I bet they did see something, like her mistreating the girl or something, you know. And they could have done something. Ms. Cassey is right, in that they had a responsibility to Caylee. They were her grandparents.

Anonymous said...

My sad experience is that a monster can be very successful at hiding behind a smiling face. And no, it would never occur to someone that a mother would suddenly kill her own children. Why would you have that thought about someone? It never enters your mind. My 27-year-old son and both of his little boys were murdered last year, and his wife, the mother of the little guys, is being held for 3 counts of murder with special circumstances. People are constantly asking me if I had any indication that she would suddenly kill them all in their sleep. Of course not! That's crazy. Who would think along those lines? If I had, don't you think I would have done something to help? Wouldn't her own family or her close friends? Wouldn't strangers for that matter? Believe me, I've spent many sleepless hours racking my memory for a word or a look or something that I could point at to say "Ah, yes, there was something wrong there." No. Nothing. The disguise was complete. The mask never slipped even once. Not to me. Not to her parents and siblings. Not even to her closest friends. We look back and second guess, and wonder if any of our life with her was real.
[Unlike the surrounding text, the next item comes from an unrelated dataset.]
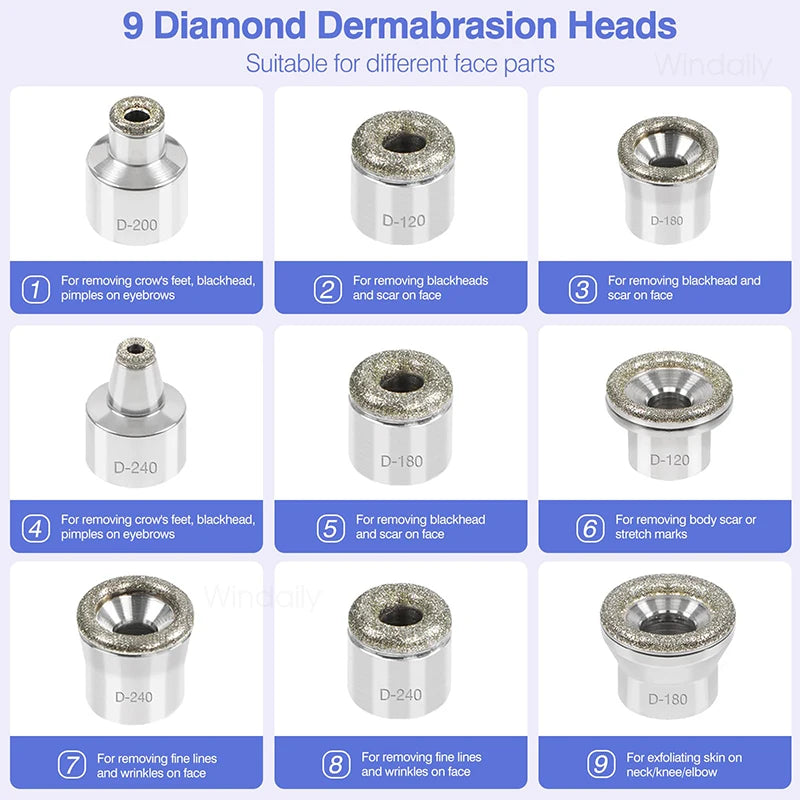Diamond Microdermabrasion Machine — Clears Blackheads & Refines Pores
It is the ultimate betrayal.

Kathryn Casey said...

So very sorry, Jan. My sympathies and good wishes go out to you. I can't imagine the heartache you've endured. While I understand that you would have stepped in if you'd seen any indication of what your dil was capable of, I'm wondering if you saw other things in her that alarmed you? Or did she appear to be a good wife, and, as friends and family describe Casey Anthony, "a good mother?"

Anonymous said...

There were times that I thought that she was a bit impatient, but I usually saw her right when she got home from work. Everyone can seem a little tense or irritable right when they get home and are trying to unwind from a day at work. I thought that she was insecure and a tiny bit selfish, and I sometimes felt she didn't have the same deep feelings for my son that he had for her. However, that is often the case in marriage, and I thought that perhaps some things could be put down to cultural differences. (Or to mother-in-law/daughter-in-law differences). She broke things in anger once or twice, but, again, some people do. Violent or abusive to the boys? Never. Impatient sometimes, but what mother isn't, especially with active 7 and 3 year old boys? Certainly all within the bounds of "normal".

Kathryn Casey said...

Incredible. I do wonder what her parents saw. I can understand that she'd be on guard around you, putting up a front, but that's harder to maintain long term. Are they continuing to support her?
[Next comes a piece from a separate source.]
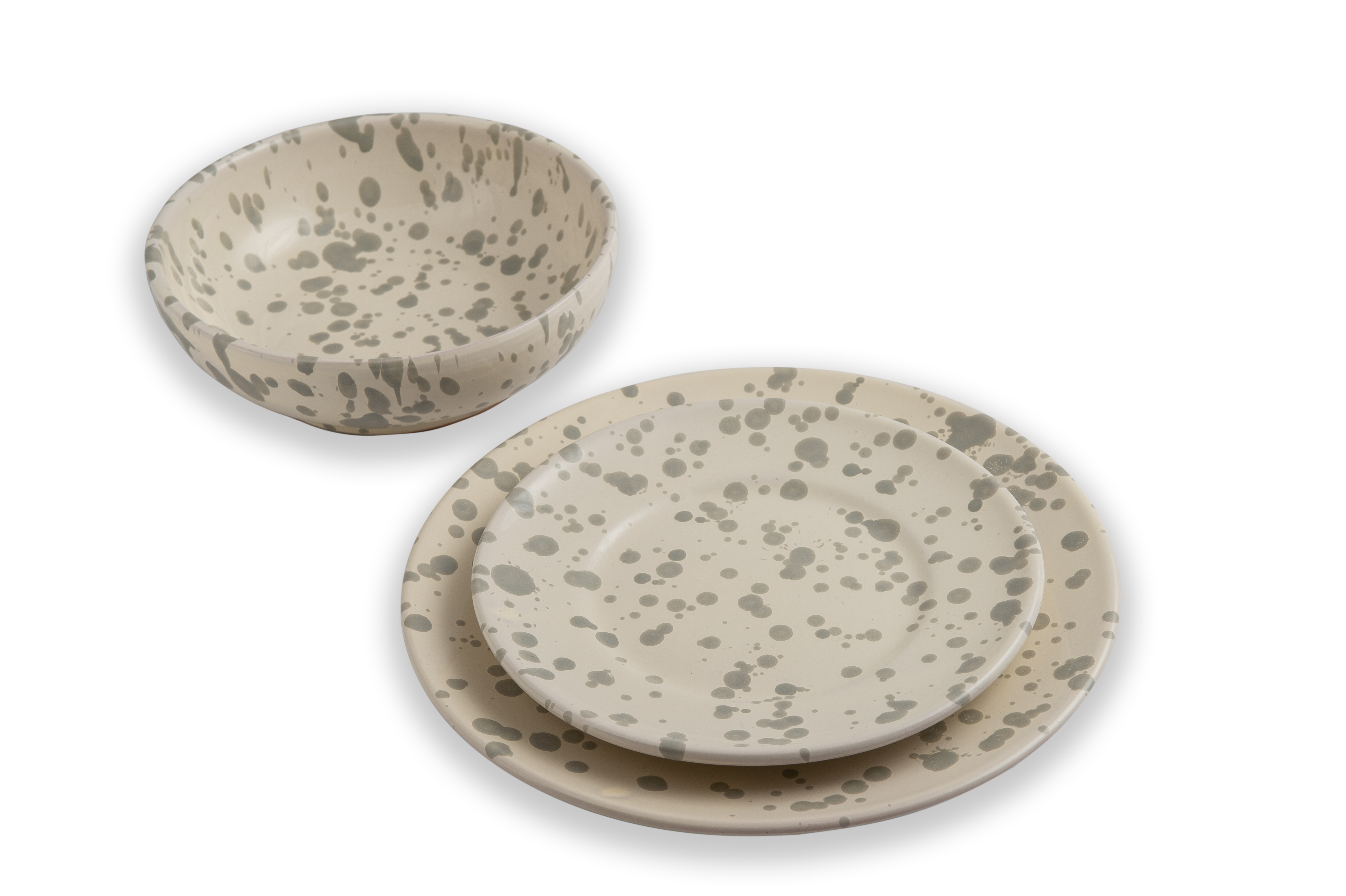 LOLIVA - Vente Assiette de service - Assiette Fruits diam. 19 cm - Ligne Schizzato10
Again, I am truly, truly sorry for your loss.

Anonymous said...

She is their daughter. They visit her, but she doesn't really talk to them. They keep asking ME what happened. I think their latest theory is that there was a demon infesting the home. (This is a very real thing in Chinese culture.) They loved the little boys as I did, and in a way have lost their daughter as surely as I have lost my son. So, we all wait and wait and wait, hoping that when the trial finally starts we will finally know a little more about what happened that night. (Not understand - I don't think that is possible.)

Kathryn Casey said...

I am so sincerely sorry, Jan. I truly am. Tragedies like this are impossible, yet they happen. I don't know that we ever truly understand why.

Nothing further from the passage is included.